Representing the language service provider (LSP) perspective, Hofkens explained that LanguageWire first focused on developing a user-friendly AI tool to assist customers who were facing issues with ineffective prompting and inconsistent output quality.
The tool leverages existing customer data to improve AI output while addressing data security concerns. Hofkens emphasized the need to integrate domain-specific knowledge, terminology, and tone of voice into LLMs, and LanguageWire addressed it by developing a system that uses customer data to augment AI prompts, ensuring more accurate and relevant output.
Hofkens remarked that “these LLMs out of the box don’t know much about your domain, your products, so how could they really write content about it? They don’t know your terminology, the way you have translated or the way you have written before, the kind of tone of voice … You might have all this data, but how do you connect it up to the LLM so the LLM can do something useful with it?”

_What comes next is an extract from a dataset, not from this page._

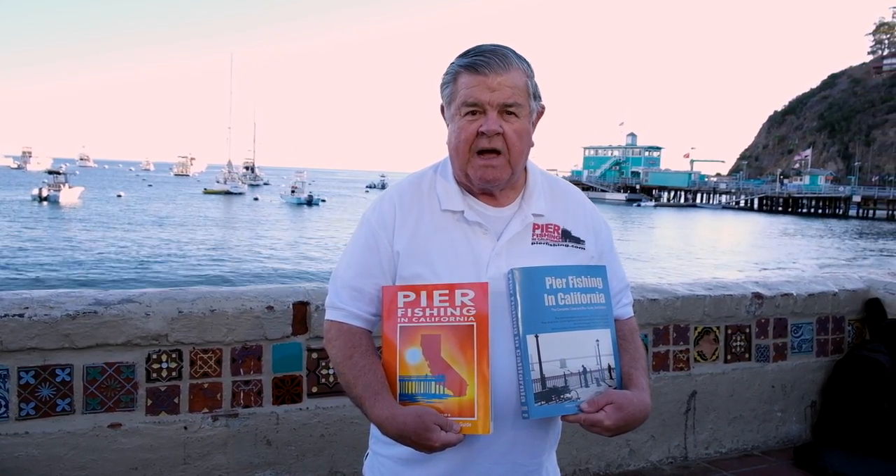I'm Ken Jones, the author of these two books: Pier Fishing in California, first edition, and Pier Fishing in California, second edition, which is kind of known as the Bible for California pier fishermen. I'm also the head pier rat for the Pier Rat Nation, and we have a website, pierfishing.com.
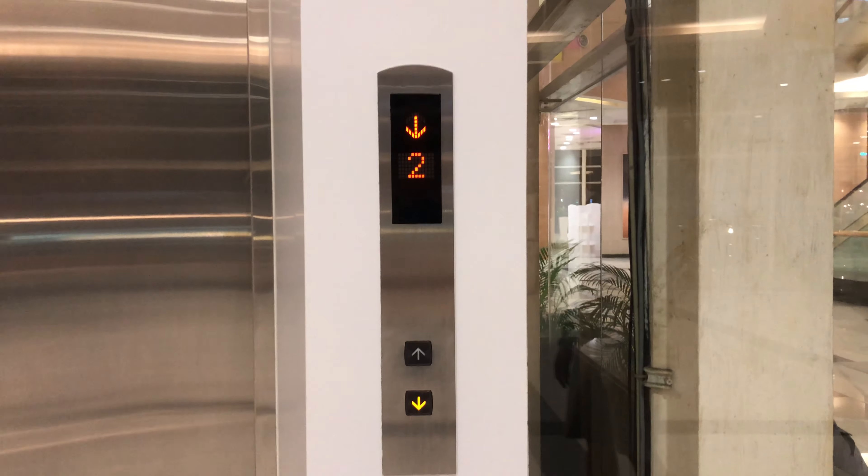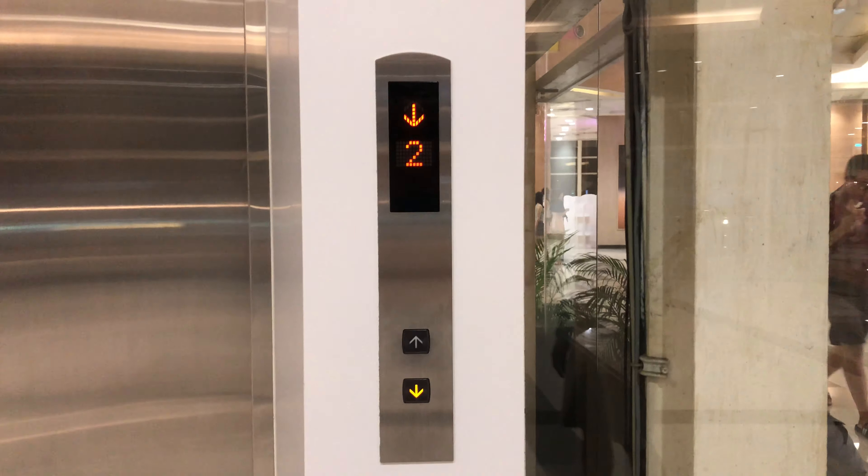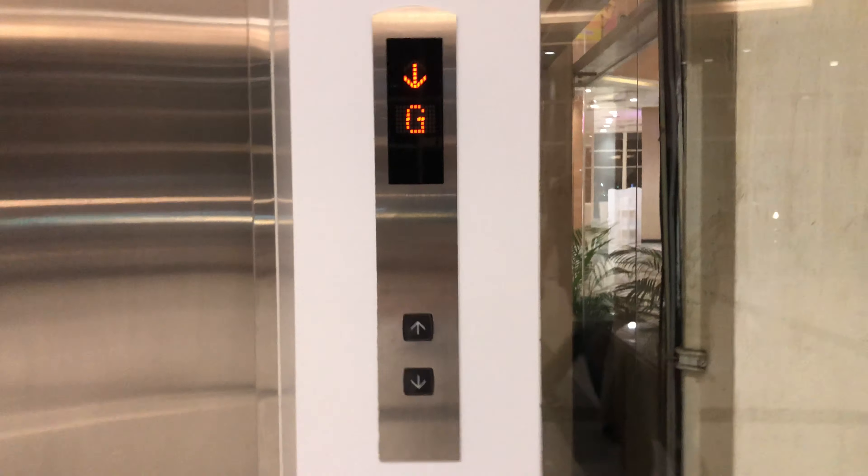Here we come to the elevator at Chamchuri Square in Bangkok, Thailand. It's a Mitsubishi Traction Scenic Elevator. Here it is — pretty nice glass elevator.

On the buyer side, Pineger admitted initial skepticism with regard to generalized LLMs, particularly for safety-critical content like industrial machinery manuals. In his view, early experiments with AI for content generation proved insufficiently reliable, requiring extensive human oversight.
Pineger found LLMs valuable for research and business-related tasks, but remained cautious about their use in generating customer-facing technical documentation. He cited challenges in integrating AI-generated content into existing workflows and the potential for inaccuracies.
The conversation shifted to the evolving role of LSPs in the age of AI. Pineger expressed his preference for LSPs to focus on their core expertise — translation and localization — rather than attempting to replicate AI capabilities in-house.
“Along the way, we get a lot of data from our customers, be it the translation memories, term bases, the files that they send us, and so on. That’s a big data asset,” added Hofkens. “We can use that to tune our AI systems … to tune the LLM. Using retrieval augmented generation we can do exactly that.”
Hofkens noted that although many companies struggle to scale their in-house AI solutions effectively, LSPs are adapting by integrating AI into their services and leveraging customer data to enhance AI output. He sees LSPs evolving into data platforms, leveraging customer data to enhance AI services and provide valuable consultancy on AI adoption.
“Along the way, we get a lot of data from our customers, be it the translation memories, term bases, the files that they send us, and so on. That’s a big data asset,” added Hofkens. “We can use that to tune our AI systems … to tune the LLM. Using retrieval augmented generation we can do exactly that.” — Roeland Hofkens, Chief Product and Technology Officer at LanguageWire
Both Pineger and Hofkens anticipate a continued focus on improving the accuracy and reliability of AI-generated content. Hofkens highlighted the “agentic approach,” where multiple specialized AI models collaborate to refine content, as a promising avenue for development.
The panelists also agreed that human expertise will remain essential, even as AI takes on more tasks. They envision a future where humans focus on higher-level tasks like strategy, validation, and ensuring content aligns with business goals.
Continued innovation in AI, particularly in areas like automated quality assessment and the agentic approach will further shape the content landscape. Pineger thinks that people will still be working at a higher level as more and more work is performed for them. “But they’re still there to make sure that it’s appropriate … it’s [about] addressing the right challenges … further specialization. I think we’re just becoming more productive over time,” he added.